7 Monde. Transports d’animaux vivants. Les conditions souvent abominables dans lesquelles s’effectue cette activité-clé du commerce international d’animaux qu’est le transport international d’animaux vivants ont été à plusieurs reprises dénoncées dans cette chronique43. L’année 2024 démontre que ces souffrances ne sont pas une fatalité : le 20 mai 2024, le Royaume-Uni a définitivement adopté son Animal Welfare (Livestock Exports) Act, interdisant sous peine de sanctions l’exportation d’animaux vivants aux fins d'abattage (ou d’engraissement avant abattage) en dehors des îles britanniques, depuis ou à travers la Grande-Bretagne. L'interdiction vise différentes catégories de mammifères (bovins, chevaux, moutons, chèvres, porcs et sangliers) ; elle ne concerne pas les volailles. Les exportations d'animaux vivants restent possibles dans certaines circonstances, notamment pour les exportations destinées à la reproduction et à l’élevage. Les importations vers les îles britanniques ne sont pas visées, mais celles réalisées aux fins d’abattage seraient, selon le dossier législatif, statistiquement marginales. L’entrée en vigueur de certaines dispositions (les sections 1 et 5) est reportée à une date définie par décrets ministériels. La Grande-Bretagne rejoint ainsi la Nouvelle-Zélande et l’Australie au nombre des pays ayant adopté une interdiction de ce type.
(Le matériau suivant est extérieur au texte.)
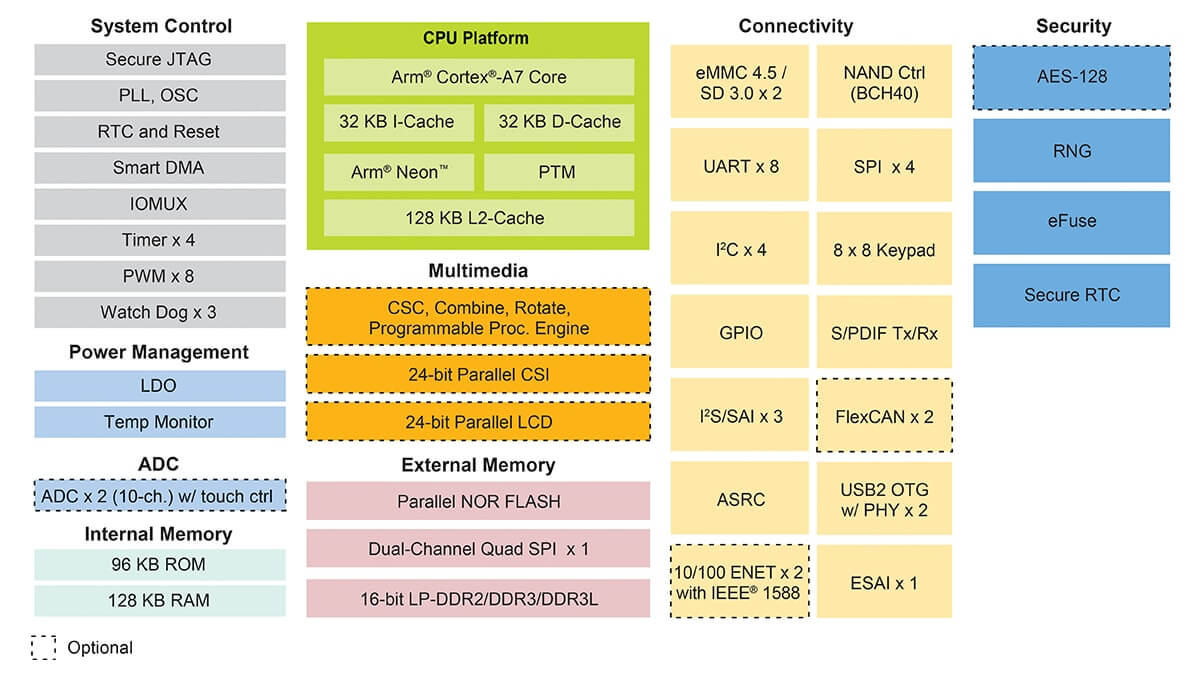 i.MX 6ULL Block Diagram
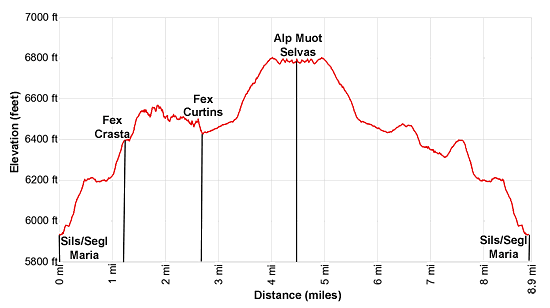 Elevation Profile for the Val Fex Hiking Trail in St. Moritz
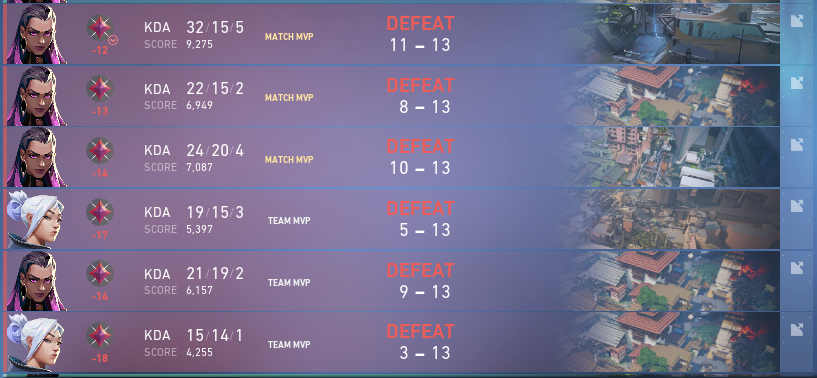 Why is this elo so TUFF.....😐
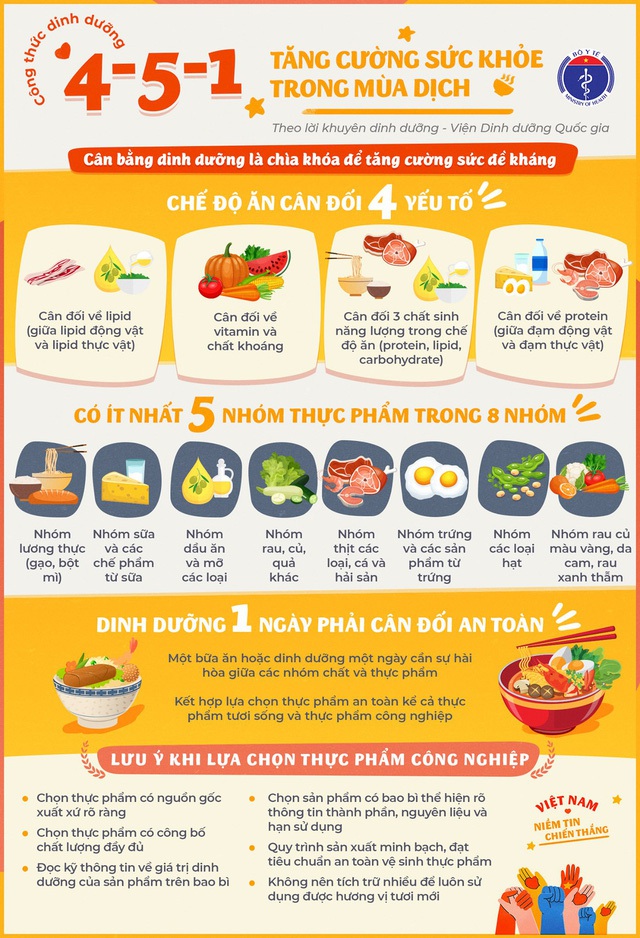 Chế độ dinh dưỡng 4-5-1 mà Bộ Y tế khuyến cáo để phòng COVID-19 có gì đặc biệt? - Ảnh 3. Chế độ dinh dưỡng 4-5-1 mà Bộ Y tế khuyến cáo để phòng COVID-19 có gì đặc biệt? - Ảnh 3.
En Nouvelle-Zélande, le Animal Welfare Amendment Act 2022, entré en vigueur en avril 2023, amende le Animal Welfare Act 1999 pour interdire l’exportation de certains mammifères vivants par mer. Si la portée de l’interdiction est plus limitée que celle du droit anglais en ce qu’elle ne vise que le transport par mer et un nombre plus limité d’espèces, elle est en revanche plus large en ce qu’elle ne distingue pas en fonction de l’objectif poursuivi – élevage ou abattage – dans le cadre de l’exportation. Or ces éléments ont une grande importance pratique, et leurs conséquences doivent être comprises tant du monde politique de la société civile. Ainsi, en Nouvelle-Zélande, l’application de l’interdiction sans considération de l’objectif de l’exportation pourrait être prochainement remise en cause. Le gouvernement de coalition actuellement au pouvoir a annoncé en novembre 2024 travailler à une réinstauration partielle du droit d’exporter les animaux vivants aux fins d’élevage, en imposant cependant de nouvelles exigences pour les exportateurs en matière d'identification des risques et de gestion du bien-être des animaux tout au long du voyage.

En Australie, le Export Control Amendment (Ending Live Sheep Exports by Sea) Bill 2024, amendant le Export Control Act 2020 et entré en vigueur le 10 juillet 2024, mettra fin aux exportations de moutons vivants par mer depuis l’Australie à compter du 1er mai 2028, des mesures de transition étant mises en œuvre dans l’intervalle. Là encore, la portée de la législation reste réduite, puisqu’elle concerne le seul transport par mer, d’une seule espèce, pesant il est vrai lourd dans le commerce international australien.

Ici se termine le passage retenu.